**Data excerpts:**
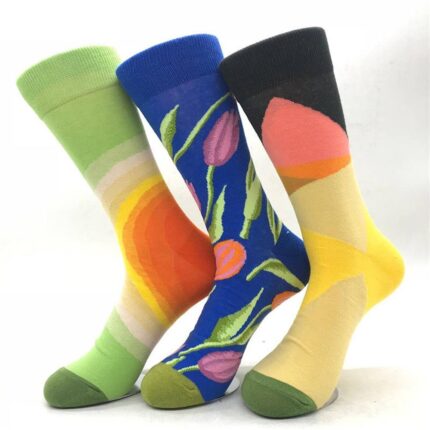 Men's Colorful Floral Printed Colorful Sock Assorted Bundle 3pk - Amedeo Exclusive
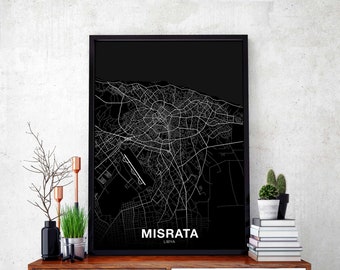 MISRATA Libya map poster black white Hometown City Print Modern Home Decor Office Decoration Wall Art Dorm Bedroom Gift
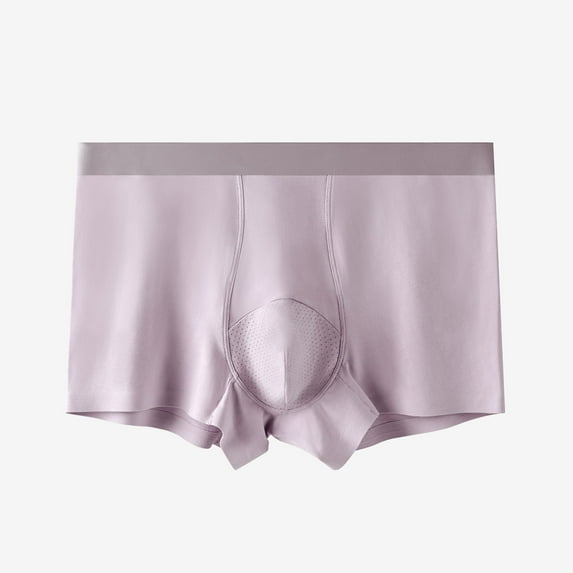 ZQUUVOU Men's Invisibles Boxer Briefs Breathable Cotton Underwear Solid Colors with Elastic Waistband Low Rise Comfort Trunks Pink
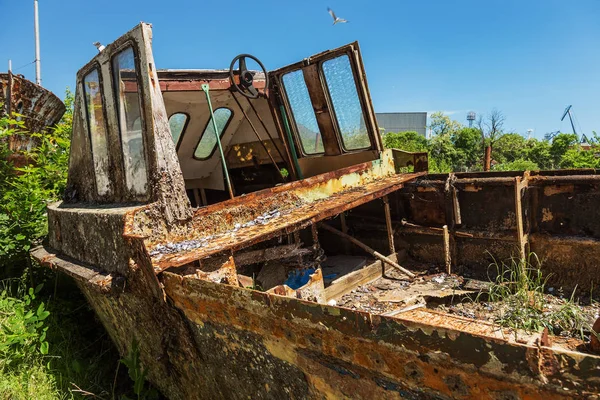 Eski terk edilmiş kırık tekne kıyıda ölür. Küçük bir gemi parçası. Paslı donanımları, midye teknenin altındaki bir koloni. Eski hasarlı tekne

==

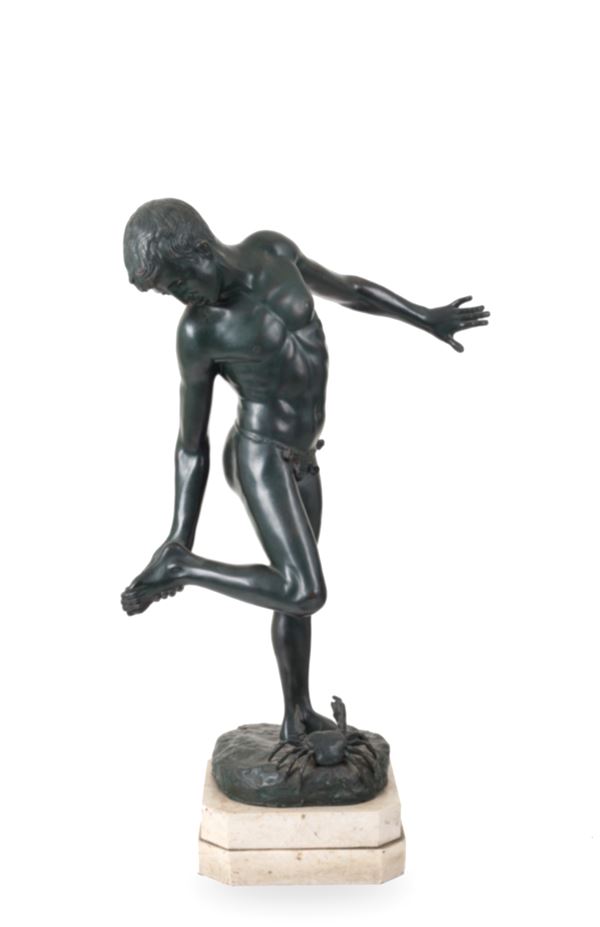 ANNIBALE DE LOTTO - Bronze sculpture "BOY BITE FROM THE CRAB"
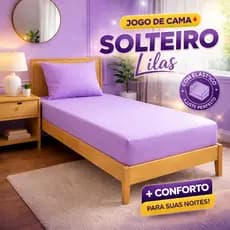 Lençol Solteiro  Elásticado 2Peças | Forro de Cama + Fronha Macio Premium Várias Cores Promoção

==

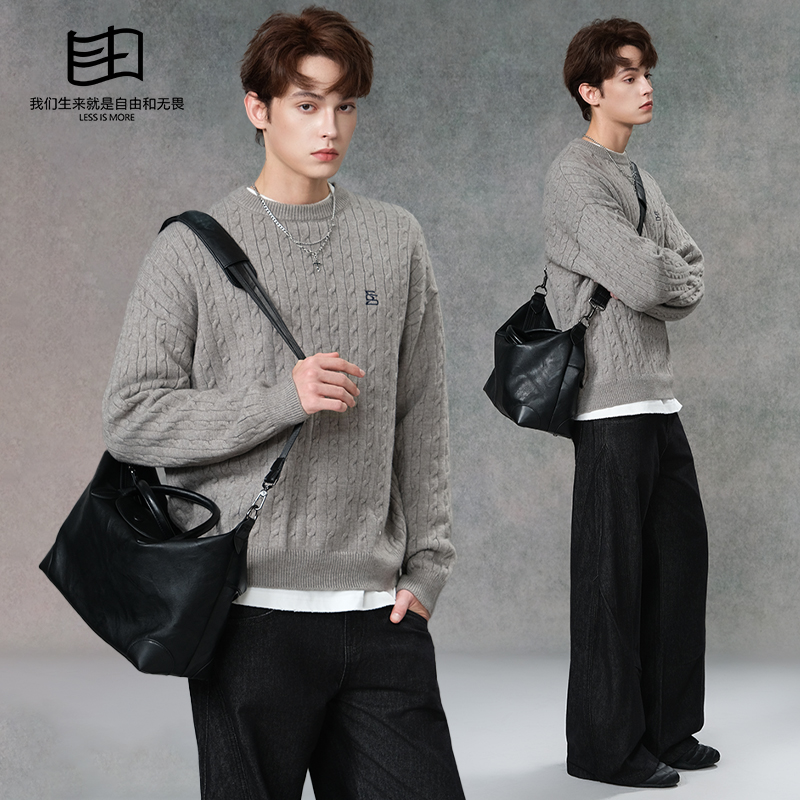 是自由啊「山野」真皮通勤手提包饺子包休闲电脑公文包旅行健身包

**Goal of the exercise:**
Above are the records; restate exactly the lines from the one containing "ZQUUVOU Men's Invisibles" through the one containing "Eski terk edilmiş", keeping pictures out.

**Solution:**
 ZQUUVOU Men's Invisibles Boxer Briefs Breathable Cotton Underwear Solid Colors with Elastic Waistband Low Rise Comfort Trunks Pink
 Eski terk edilmiş kırık tekne kıyıda ölür. Küçük bir gemi parçası. Paslı donanımları, midye teknenin altındaki bir koloni. Eski hasarlı tekne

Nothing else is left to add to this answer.